All I can say is wow! It was incredible compared to watching it on VHS - I assume it will be on DVD this summer like Beauty & The Beast was last year. 

To see that gorgeous animation in a six-story theater with the booming digital sound was well worth the $6 admission. If any of you have kids that didn't get to see it in theaters, I would recommend taking them to see it (if you have an IMAX or Superscreen theater in your city).


----------



## Chris Blount (Jun 22, 2001)

I know what you mean. I saw Beauty & The Beast at the IMAX last year. It was awesome! I plan on taking my daughter to see The Lion King.


----------



## Pete K. (Apr 23, 2002)

I'm taking my son and a friend of his on
Monday. I've seen the movie several
times but never in IMAX.


----------



## Karl Foster (Mar 23, 2002)

Wait until you hear the lions roar and the wildebeast stampede in full digital surround sound. Ohhh - Ahhh!


----------



## Ric (Apr 26, 2002)

Based on the recommendations here, I took my sons to see Lion King at IMAX. Was great right up to the moment where Simba and Nala fight. That's about the time I guess the 'IMAX experience' got to my 3 year old as he upchucked his popcorn and lemonade. 
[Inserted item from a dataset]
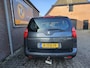 Peugeot 5008 1.6 THP Blue Lease Executive 7p. (loopt niet goed)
Financially, I wouldn't recommend taking a family of four again - tickets alone hit $36 (middle of the afternoon) + the add-on for goodies from the snack bar. 
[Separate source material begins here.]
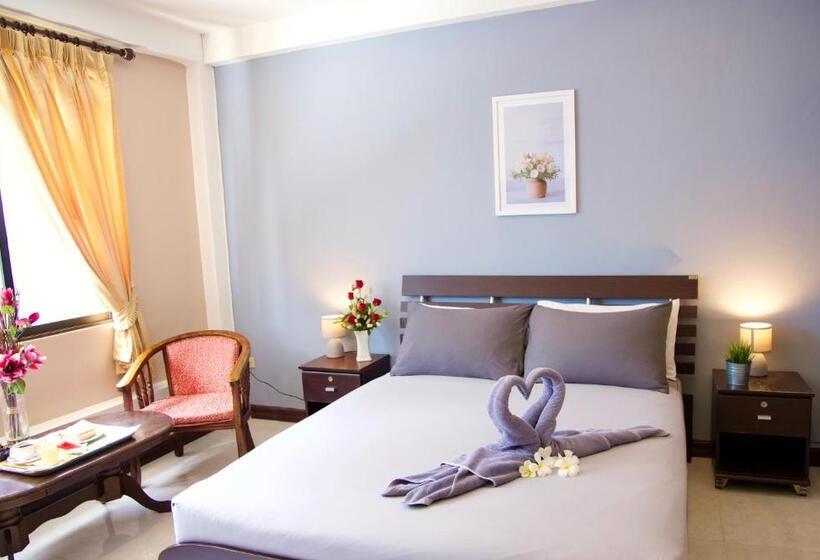 Номер Стандарт, Golden Guesthouse By The Beach Cha Am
Other than that - the picture was incredible and sound was fantastic. Will probably hit it alone for LOTR. 

Warning = If you have any inkling of motion sickness in a little one - beware!!!!!!


----------



## BobMurdoch (Apr 24, 2002)

Coming Attractions note. This will be a Platinum Edition DVD in October (ala Beatuy and the Beast)
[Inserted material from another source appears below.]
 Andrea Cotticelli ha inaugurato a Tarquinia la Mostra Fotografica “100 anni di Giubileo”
Coming NEXT Christmas --- Aladdin. With a DVD to follow 11 months later.

After that who knows... maybe the Little Mermaid. This Beauty/Lion/Aladdin "trilogy" was the peak of Disney Animation in the early 90's before they stumbled with Pocahantas and the Hunchback. Ironically the best movies since have been Mulan and Lilo and Stich (both made in Florida instead of California). Here's hoping they both get the next Platinum/Imax treatment.


----------



## Karl Foster (Mar 23, 2002)

I think Mulan on the Superscreen with the Huns attacking in the snow would be awesome. I'm a Disney animation buff, if you can't tell. The worst Disney animated film is better than the best other studios dish out, the exception being Shrek by Dreamworks.


----------



## Steve Mehs (Mar 21, 2002)

Don't get me wrong, I love IMAX, it was awesome experience, price is a little up there, but it's well worth it. My gripe is when will they start to have the movies I like, some action flick with Cage, Gibson or Trovolta. I would just about give anything to see Windtalkers at the IMAX, the battle scene would look and sound incredible.


----------